What is Azure Data Factory? A Beginner’s Guide for Data Engineers
If you’re starting your journey in Azure data engineering, Azure Data Factory (ADF) is one of the first services you’ll encounter — and one of the most important to understand. It’s the backbone of data movement on Azure, and it shows up in almost every data engineering job description.
But what exactly IS it? How does it work? And when should you use it versus other tools?
This guide will give you a solid foundation — no prior Azure experience required. By the end, you’ll understand what ADF does, how its components fit together, and when to reach for it in a real project.
Table of Contents
- What is Azure Data Factory?
- The Problem ADF Solves
- ADF in the Real World — A Simple Example
- The 6 Core Components of ADF
- How the Components Work Together
- What ADF is NOT
- ADF vs Other Data Integration Tools
- When to Use ADF
- When NOT to Use ADF
- How Much Does ADF Cost?
- Your First Pipeline — Where to Start
- Common Terminology Cheat Sheet
- Wrapping Up
What is Azure Data Factory?
Azure Data Factory is Microsoft’s cloud-based data integration service. In plain English, it’s a tool that moves data from one place to another and orchestrates data workflows — all without you managing any servers.

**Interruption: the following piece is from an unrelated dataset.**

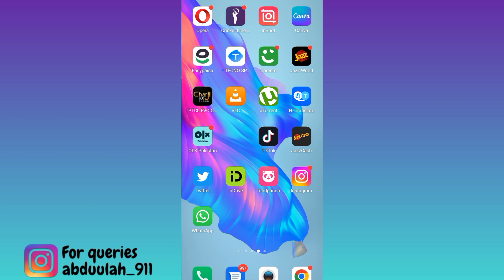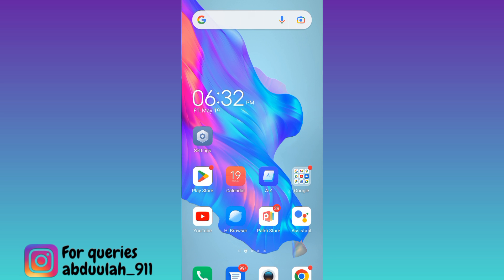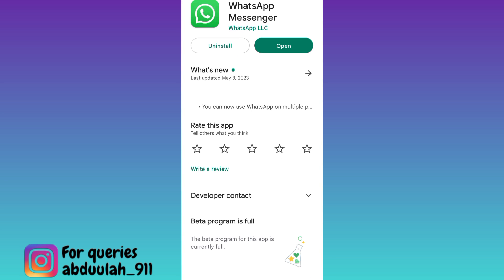So if you want to create a channel on WhatsApp, the first thing you need to do is to make sure that your WhatsApp is up to date. This is because the feature that allows you to create a channel on WhatsApp has been introduced in the latest update. And if your WhatsApp is not up to date, then you won't be able to create a channel. Once you have updated your WhatsApp, you can easily make a channel on it.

Think of ADF as a traffic controller for your data. It doesn’t store data itself. It doesn’t transform data in complex ways by itself. What it does is coordinate the movement of data between systems, schedule when things happen, and handle errors when things go wrong.
ADF is: – Fully managed — Microsoft handles all the infrastructure – Serverless — you don’t provision or manage any VMs – Code-free — you build pipelines using a visual drag-and-drop interface (though you can also use code) – Pay-per-use — you pay only for what you run
The Problem ADF Solves
Every organization has data scattered across multiple systems:
- Customer data in a CRM (Salesforce, Dynamics 365)
- Financial data in an on-premises SQL Server
- Product data in an e-commerce platform (Shopify, SAP)
- Log data in cloud storage (S3, Blob Storage)
- Analytics data in a data warehouse (Synapse, Snowflake)
To do anything useful with this data — build dashboards, train ML models, generate reports — you need to bring it all together in one place. That’s the data integration problem.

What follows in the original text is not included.